Quel ragazzo che non ho mai visto il suo viso, ma che sapevo che aveva una bellezza disarmante da farti tremare le gambe e poi il cuore.
É per lui, se io adesso sono qui. É per quel fantasma che io ho raggiunto l'inferno, sotto quel lenzuolo bianco volevo vedere chi si nascondeva.
Capire se era davvero un mostro o era solo apparizione.
Quando penso di lui, dimentico di me stessa, si ferma il tempo, si blocca il cuore, si disintegra il respiro.
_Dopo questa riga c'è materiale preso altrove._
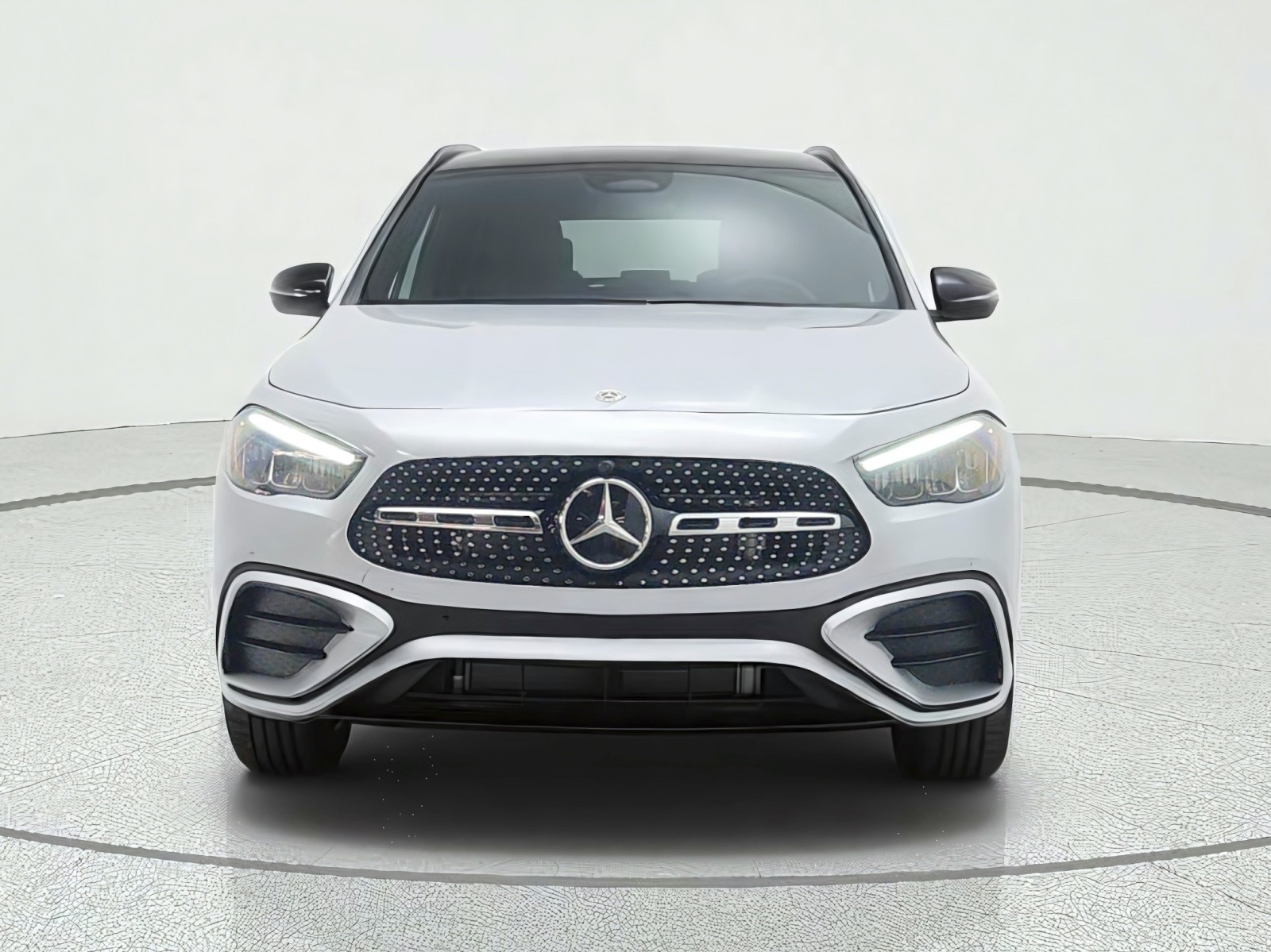 New 2026 Cirrus Silver Metallic Mercedes-Benz GLA 250 SUV image 2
Non esiste più nulla, ne Alessandro, ne la mia famiglia, né Roma ne Palermo. Dimentico pure la presenza di Mirko che mi sta parlando e non capisco cosa stia dicendo.
Mi volto e apro la porta, ma la sua mano all'improvviso si lega al mio braccio. <<hai capito cosa ti ho detto almeno? No, sai, perché avevi la testa da tutt'altra parte. È pericoloso girare da sola, sopratutto quando non sai le strade e puoi perderti.>> il suo sguardo mi guardava in cagnesco. "Aveva paura che io mi perdessi?" Un sorriso mi sfugge dalle labbra, e i suoi occhi cedono su di esso. Scuote il capo. <<vuoi che venga io con te?>> mi domanda, scostando la sua mano dal mio braccio. Io faccio spallucce. Cosa gli avrei dovuto dire? No, non ti voglio con me? Perché sai, in effetti era proprio una bugia.
Urla alla governate che stava per uscire, in modo da informarla, e chiude la porta dietro di se. Facendomi strada. <<auto? O a piedi?>> si ferma appena scende tutti i gradini, e indica un'auto parcheggiata sul viale, che credo sia la sua auto. Una BMW nera.